Production
Angel's Egg repurposes ideas that Oshii developed for a cancelled Lupin the Third film. Both concepts feature the theme of questioning existence (Lupin's existence in the cancelled film, and the bird from Noah's ark in Angel's Egg), and involve the fossil of an angel[8] Oshii himself said that Angel's Egg was another attempt at the idea[9] and anime critic Ryota Fujitsu has said that Angel's Egg (and the first Patlabor movie) would not have existed if Oshii had made the Lupin film.[10] Oshii has also stated that the entire angel fossil concept used in Angel's Egg was directly taken from Lupin,[11] and compares the relationship between the boy and girl to that in The Glass Menagerie by Tennessee Williams.[12]
Many of the themes and elements in Angel's Egg were originally from Oshii's cancelled Lupin the 3rd film.[13] However, only the angel fossil remains unchanged from its planned appearance.[14]
The film is a collaboration between Amano and Oshii.[4] Oshii originally intended on making a comedy film, starting with the girl first getting off a flying ark in front of a Japanese convenience store, but changed his mind and decided to make it a pure fantasy film after seeing Amano's art.[15][16] Oshii said that he wanted to remove a narrative as much as possible, and keep the film simple, using animation as an expression to draw out a story,[17] and fill it with symbolic expressions and metaphors "like Jung's archetypes and collective unconscious".[18]
The documentation for the project was written in one night by Toshio Suzuki (producer) but Oshii was displeased with it and did not use it. However, the title of the film, Angel's Egg (天使のたまご), was from Suzuki, where Oshii's original title was Aquatic City (水棲都市).[19][20]
Oshii began writing the script with the main theme of a dream seen by a girl, continuing from Urusei Yatsura 2: Beautiful Dreamer, but thinking that a script alone would not be enough to get the project approved, invited Amano to make image boards for the proposal.

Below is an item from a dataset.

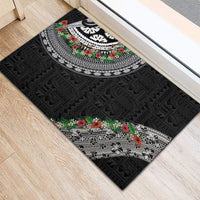 Fiji Hibiscus Rubber Doormat Tapa Masi Motifs with Tropical Plants LT03 - Polynesian Pride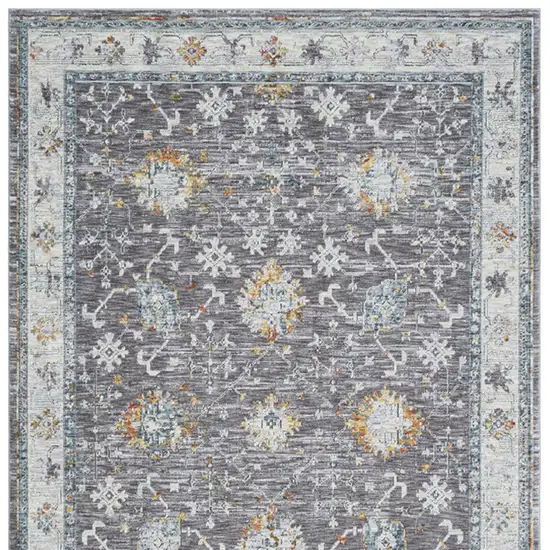 Gray and Blue Floral Distressed Runner Rug Photo 6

He also showed the image boards to the animators to get ideas from them.[21] There was no definitive script, but rather a collection of ideas noted down like "annunciation" "ark" "setting sun" "a boy holding a cross riding a tank" which were immediately turned into storyboards, and then fitted together, which Oshii says had the intention of making a film without clear drama, made out of visual expressions, like one by Andrei Tarkovsky.[22]
Amano had initially been slated to work on Oshii's cancelled Lupin film, which anime critic Ryota Fujitsu says makes it obvious that Angel's Egg was inherited from Lupin.[23] While Amano was originally invited to work on character designs, Oshii liked his art enough that he ended up in the role of art direction, also designing image boards, and other things such as posters.[24]
The angel fossil was later reused alongside other elements from Oshii's cancelled Lupin film in 009 RE:CYBORG, which Oshii was initially supposed to direct and participated in the script for, and was eventually directed by Kenji Kamiyama, a student of Oshii.[25] Kamiyama describes this version of the angel fossil as indication of a god, but not of any particular religion.[26] The angel fossil was also used in the tenth episode of Lupin the 3rd Part 6 which Oshii wrote the script for[27] "Darwin's Bird"[28][29][30] In this episode Fujiko Mine is hired by the archangel Michael to steal the angel fossil, which is actually that of the fallen angel Lucifer, on behalf of his master.[31]
Nezu worked with Oshii once again in Patlabor 2: The Movie[32] and Mako Hyōdō played a supporting role in The Sky Crawlers.[33]